According to an aspect of the disclosure, a method performed by a server may include: obtaining an image including a first text and a second text overlapping the first text; separating a first text region corresponding to the first text from the image; extracting pixels corresponding to the first text from the first text region to obtain an undamaged portion (a non-overlapping portion where the first text does not overlap any other text or characteristics) and a damaged portion (e.g., an overlapping portion where the first text overlaps the second text) of the first text; and reconstructing the first text by inpainting the damaged portion of the first text in which the first text overlaps the second text in the image.

The separating of the first text region may include: determining a plurality of text regions by segmenting the first text and the second text in the image into a plurality of character groups; and separating the first text region from among the plurality of text regions.

The determining of the plurality of text regions may include determining the plurality of text regions by applying a color clustering algorithm to the image to group characters of adjacent colors in a color space.

The determining of the plurality of text regions may include: receiving a user input for selecting the first text in the image; and applying the color clustering algorithm to the first text region corresponding to the user input in the image.

The determining of the plurality of text regions may include: obtaining, based on the image, a text region map indicating locations of the first text and the second text in the image; and determining the plurality of text regions based on the text region map.

The determining of the plurality of text regions may include applying the color clustering algorithm based on the text region map.

The determining of the plurality of text regions may include determining the plurality of text regions based on at least one of a language, a font, a format, a corpus, or a logo of each of the first text and the second text.

The method may further include applying optical character recognition (OCR) to the first text.

The image may include a label image related to food, the first text may include a text related to the food, and the method may further include providing information related to the food, based on a result of applying the OCR to the first text.

The method may include transmitting the information related to the food to an external device.

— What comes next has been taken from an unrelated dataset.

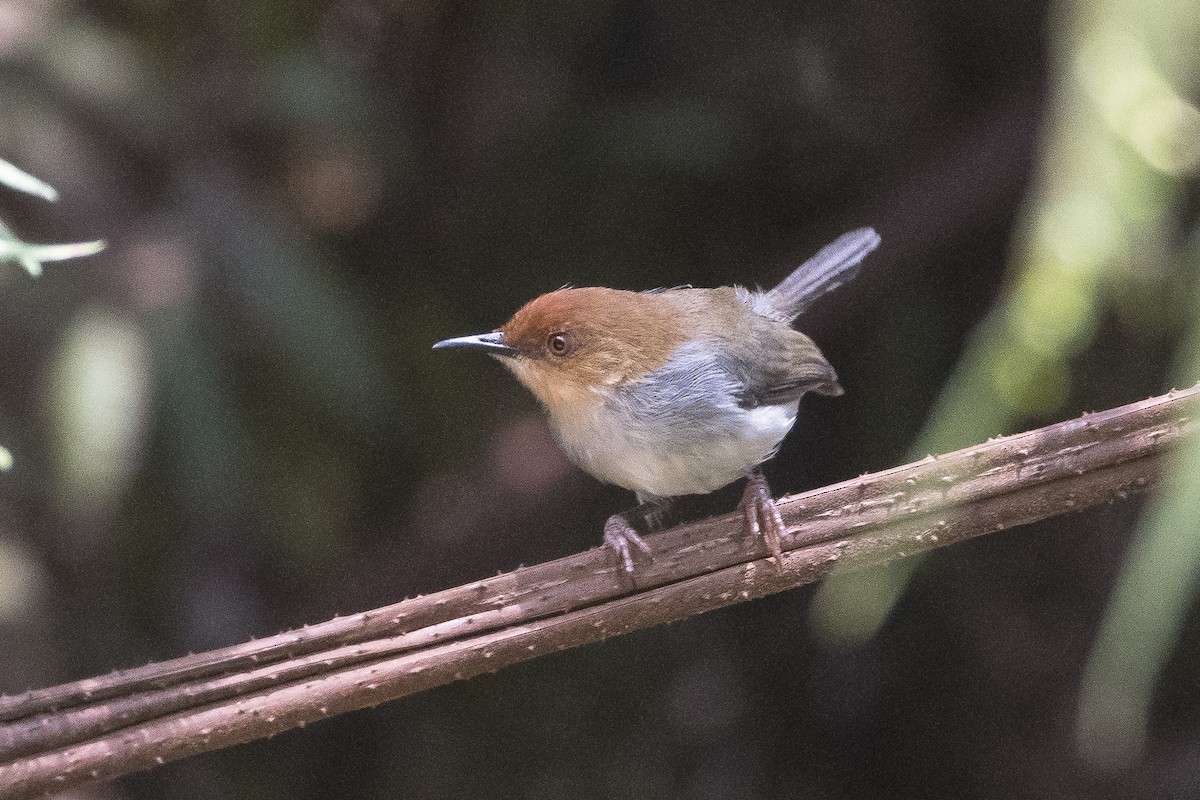 African Tailorbird - ML626897492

According to an aspect of the disclosure, a server may include: a memory storing one or more instructions; and one or more processors configured to execute the one or more instructions stored in the memory to obtain an image including a first text and a second text overlapping the first text, separate a first text region corresponding to the first text from the image, extract pixels corresponding the first text region to obtain an undamaged portion and a damaged portion of the first text, and reconstruct the first text by inpainting the damaged portion of the first text in which the first text overlaps the second text in the image.

Any one or combination of the one or more processors is further configured to execute the one or more instructions to determine a plurality of text regions by segmenting the first text and the second text in the image into a plurality of character groups, and separate the first text region from among the plurality of text regions.

Any one or combination of the one or more processors is further configured to execute the one or more instructions to determine the plurality of text regions by applying a color clustering algorithm to the image to group characters of adjacent colors in a color space.

Any one or combination of the one or more processors is further configured to execute the one or more instructions to receive a user input for selecting the first text in the image, and apply the color clustering algorithm to the first text region corresponding to the user input in the image.

Any one or combination of the one or more processors is further configured to execute the one or more instructions to obtain, based on the image, a text region map indicating locations of the first text and the second text in the image, and determine the plurality of text regions based on the text region map.

Any one or combination of the one or more processors is further configured to execute the one or more instructions to apply the color clustering algorithm based on the text region map.

Any one or combination of the one or more processors is further configured to execute the one or more instructions to determine the plurality of text regions based on at least one of a language, a font, a format, a corpus, or a logo of each of the first text and the second text.

Any one or combination of the one or more processors is further configured to execute the one or more instructions to apply optical character recognition (OCR) to the first text.

The image may include a label image related to food, the first text may include a text related to the food, and the at least one processor is further configured to execute the one or more instructions to provide information related to the food, based on a result of applying the OCR to the first text.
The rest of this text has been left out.